In the previous post, we’ve seen that \(\nabla \Lagr(x, y, \lambda) = \vec{0}\) (the gradient of the Lagrangian equal to the vector 0) will yield some set of solutions \(\{x^*, y^*, \lambda^*\}\) such that one of the sets, when plugged into \(f(x^*, y^*)\) yields \(M^*\), the solution to our optimization problem.

Up till now we have not been concerned with the multiplier \(\lambda^*\). If we reconsider our Lagrangian function to use not a constant but a variable constraint \(b\)

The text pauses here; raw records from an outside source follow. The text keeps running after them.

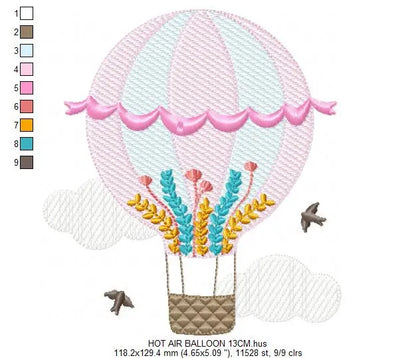 Hot air balloon embroidery design machine embroidery pattern Marcia Embroidery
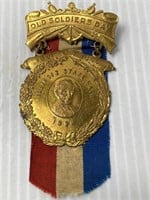 Illinois State fair 1898 old soldiers Day pin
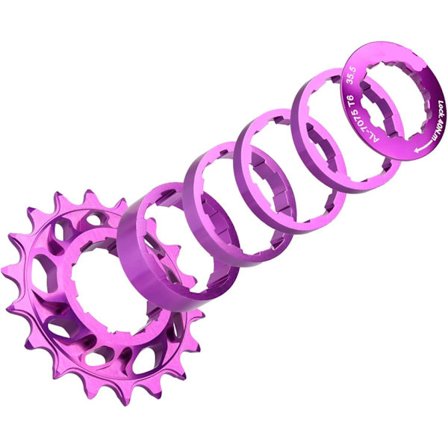 16T Single Speed Krankdrev Konverteringssett for Flergirsykkel til Dirt Jump/BMX Aluminium Single Speed Kassett med Avstandsstykke og Låsering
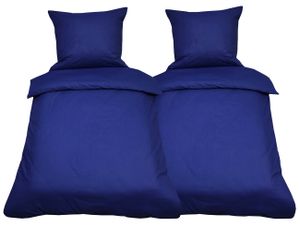 4 teilige Uni Bettwäsche 135 x 200 cm blau Einfarbig Renforce Baumwolle Garnitur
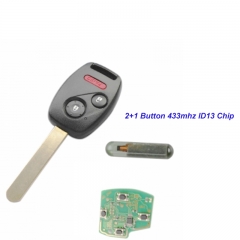 MK180047 2+1 Button Remote Key Head Key 433mhz with ID13 chip for  2003-2007 Honda FIT CIVIC O-DYSSEY Auto Car Keys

\[\Lagr{(x, y, \lambda, b)} = f(x,y) - \lambda(g(x, y) - b) \tag{1}\label{1}\]

it turns out that

\[\lambda^* = \frac{dM^*(b)}{db}\]

the resulting lambda represents the rate of change of the optimum of our function with respect to varying the constraint (i.e. changing the contour line of the constraining function).

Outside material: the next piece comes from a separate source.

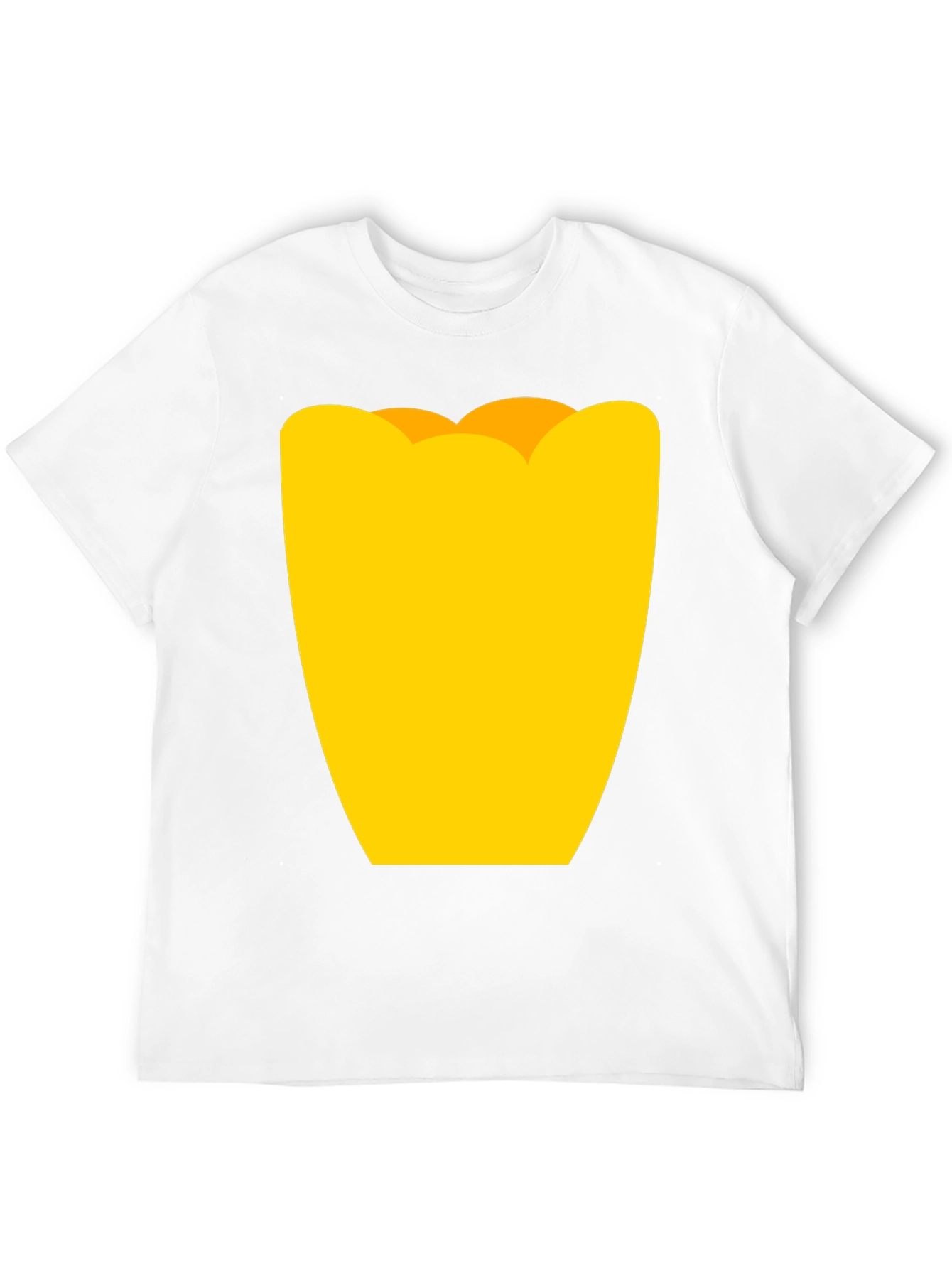 Mens Black Graphic Tee - Yellow Tulip Design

Application of \(\lambda\)

In the example from the previous post that would mean answering the question “how would increasing the size of the constraining circle in \(g(x, y) = x^2 + y^2 = b\) (where \(b\) had been set to 1) impact the solution to our optimization problem?” This is particularly useful in a business context where the function we’re optimizing (\(f\)) is Revenue and the constraint (\(g\)) is Budget, such that \(\lambda^*\) facilitates the answer to “how would an increase in budget affect revenue?”

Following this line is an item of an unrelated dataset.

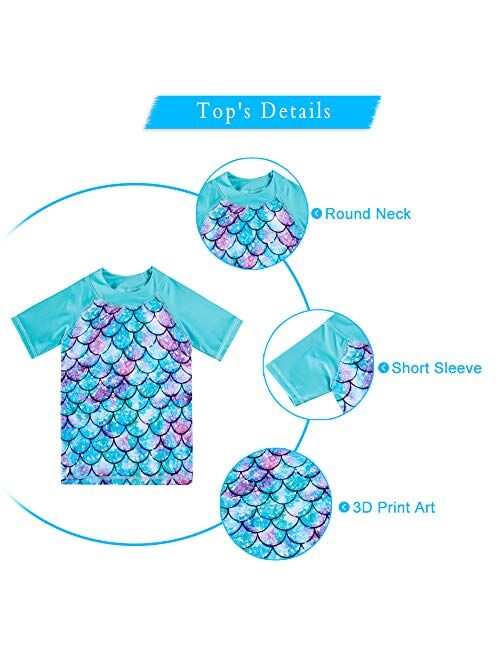 Lovekider Girls Two Piece Swimsuit Rash Guard Set Short Sleeve Bathing Suit Liner Swimwear with UPF 50+ Sun Protection 3-8T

But Why Does \(\lambda\) Mean What It Means?

The Setup

If we note that

  • \(M^*\), the solution to our optimization problem, is a function of \(x^*\) and \(y^*\), and
  • the values of \(x\) and \(y\) that solve our optimization problem, \(x^*\) and \(y^*\), are functions of \(b\) (the contour line of the constraining function), and that
  • as stated above, we consider our Lagrangian as a function of a variable \(b\)

altogether we get

\[M^*(b) = f(x^*(b), y^*(b)).\]

This expresses the fact that in order to arrive at our solution \(M^*\) we evaluate \(f\) as a function of \(x^*\) and \(y^*\) which are themselves a function of our constraint \(b\). Phew.

So how to we get from here to

\[\lambda^* = \frac{dM^*(b)}{db}?\]

Evaluating The Lagrangian At Its Maximum

Now let’s consider a function

\[\Lagr^*{(x^*(b), y^*(b), \lambda^*(b), b)} = f(x^*(b),y^*(b)) - \lambda^*(g(x^*(b), y^*(b)) - b)\]

where \(\Lagr^*\) is the special variable-constraint-Lagrangian that has constant values of \(x^*\), \(y^*\), and \(\lambda^*\) that satisfy the constraint of our optimization problem – critically, such that \(\nabla \Lagr^* = \vec{0}\) for the partial derivatives of those three variables.

Let’s also note that the second term of the variable-constraint-Lagrangian, \(\lambda^*(g(x^*(b), y^*(b)) - b)\), necessarily equals 0 when we plug in \(x^*, y^*\) and \(\lambda^*\): the constraint must hold for those values, and if the constraint holds, \(g(x,y) = b\).

So we see that the variable-constraint-Lagrangian evaluated at \(x^*, y^*\) and \(\lambda^*\) equals simply \(f(x^*, y^*)\), which is the solution to our optimization problem, \(M^*\).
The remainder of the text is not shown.